Don’t Fear The Budget Boogeyman

April 3, 2017

By James Wigderson
Special Guest Perspective for the MacIver Institute

I’m old enough to remember when the band REM came out with a song about Wisconsin’s structural deficit, “It’s the end of the world as we know it, and I feel fine.” For you kids in the audience, that was when we actually paid to listen to music and band members actually played instruments.

Now get off my lawn.

Of course, the world didn’t end in 1987 despite the threat of nuclear war or whatever the song was really about, and the world won’t end at the end of the next budget biennium when Wisconsin will supposedly have a structural deficit of $1.1 billion. The world didn’t end when the state government had structural deficits in the past, too. Somehow the state always ends up spending more money than it did the previous biennium.
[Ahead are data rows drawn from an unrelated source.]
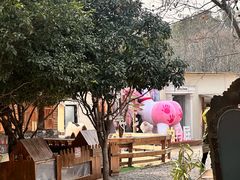 -HERRE·FARM 赫尔露营农场·团建聚会包场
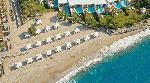 Гърция, Крит, Grecotel Amirandes Exclusive Resort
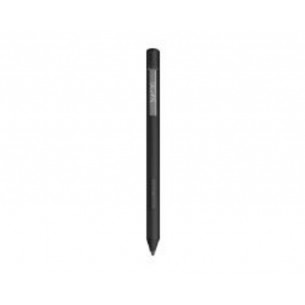 Wacom Bamboo Ink Plus Lápiz...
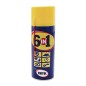LUBRIFIANT AREXONS 6-IN-1 MULTIFONCTIONS (AEROSOL 400ml)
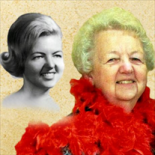 Deanna Greaves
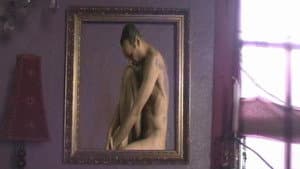 Ylan — foto 2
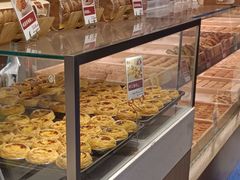 -彭记优口(胜利路店)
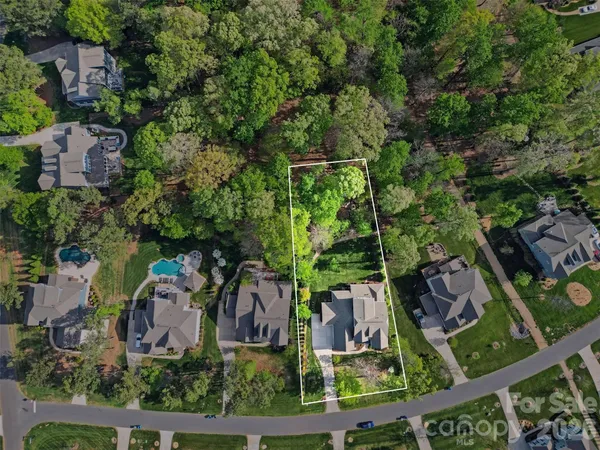 $1,200,000 | 113 Cross Current Lane, Belmont, NC 28012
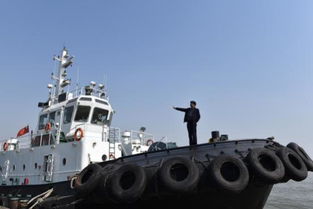 軍人退役創(chuàng)業(yè)新作為 家國(guó)情懷夢(mèng)圓新時(shí)代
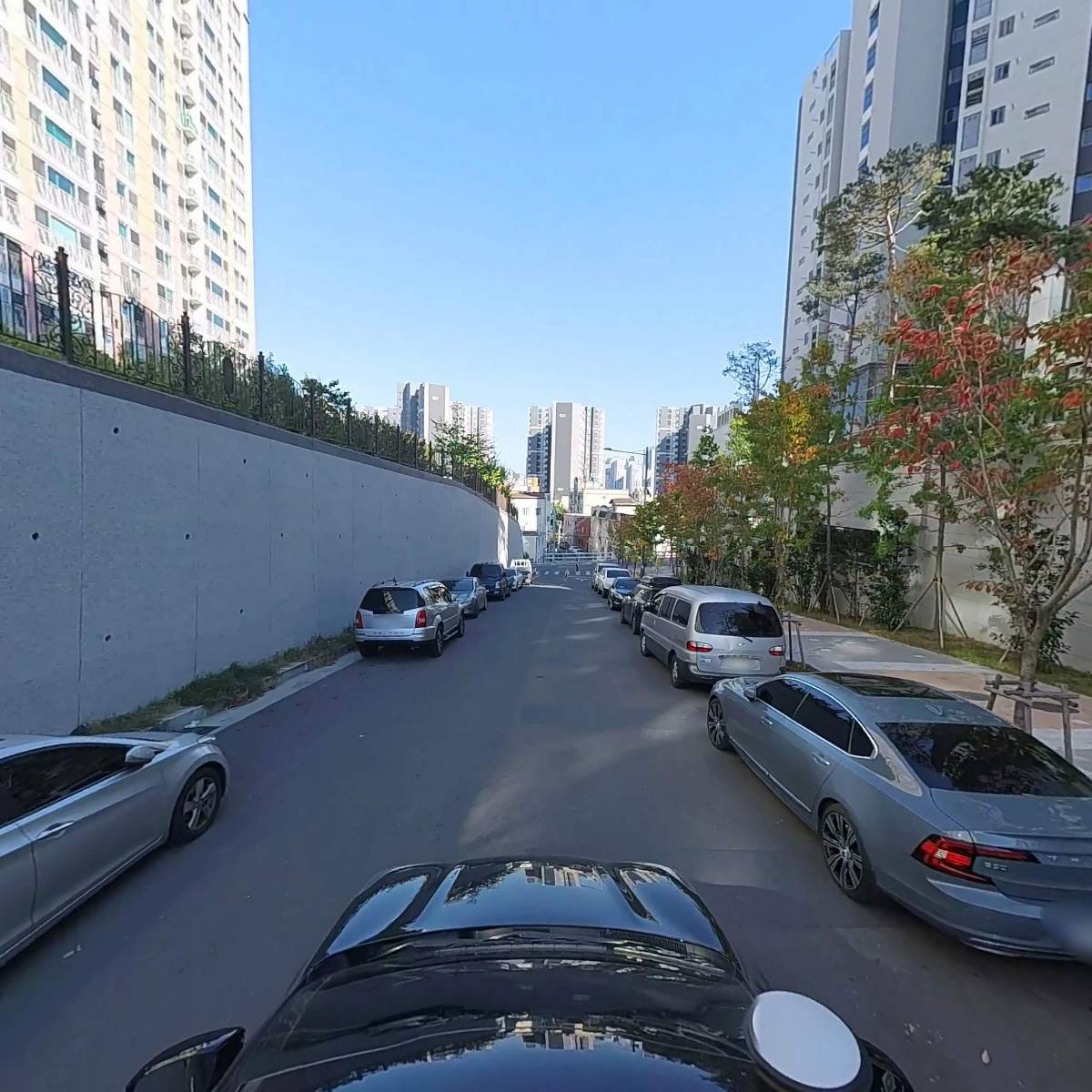 소미치과의원_4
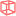 quadrorussia.ru favicon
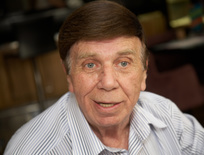 Дмитрий ГОРДОН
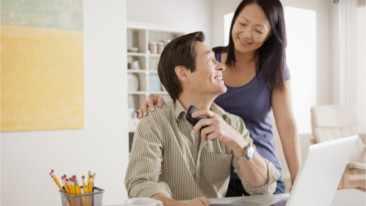 Cara Mendeteksi Kanker Payudara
Because despite the headline in the Wisconsin State Journal about a $1.1 billion “budget hole,” there is no actual deficit. Despite the “$1 billion shortfall” in the headline of the Milwaukee Journal Sentinel, there is no actual shortfall. Perhaps the newspapers should add a feature where their headlines are read by Count Floyd, because what they’re describing is less scary than a stack of pancakes.

Wisconsin’s budget is on a two-year cycle so legislators can debate it in off years and then re-debate it on the campaign trail in election years. The two-year cycle is supposed to insulate the budget process from politics, but we live in a state where buying a pizza is a political act.

Our state also has a non-partisan agency, the Legislative Fiscal Bureau (LFB), that looks at state spending and provides analysis. In the (LFB) memo quoted by the newspapers and your favorite Democrats, Wisconsin’s state budget doesn’t end with a deficit. It actually ends with a $12 million surplus. See the LFB’s Table 1 below:

wigderson table.png

In addition to the $12 million, over the next two years Wisconsin will add $20 million to the budget stabilization fund. The “rainy day” fund will be $302 million at the end of the budget cycle.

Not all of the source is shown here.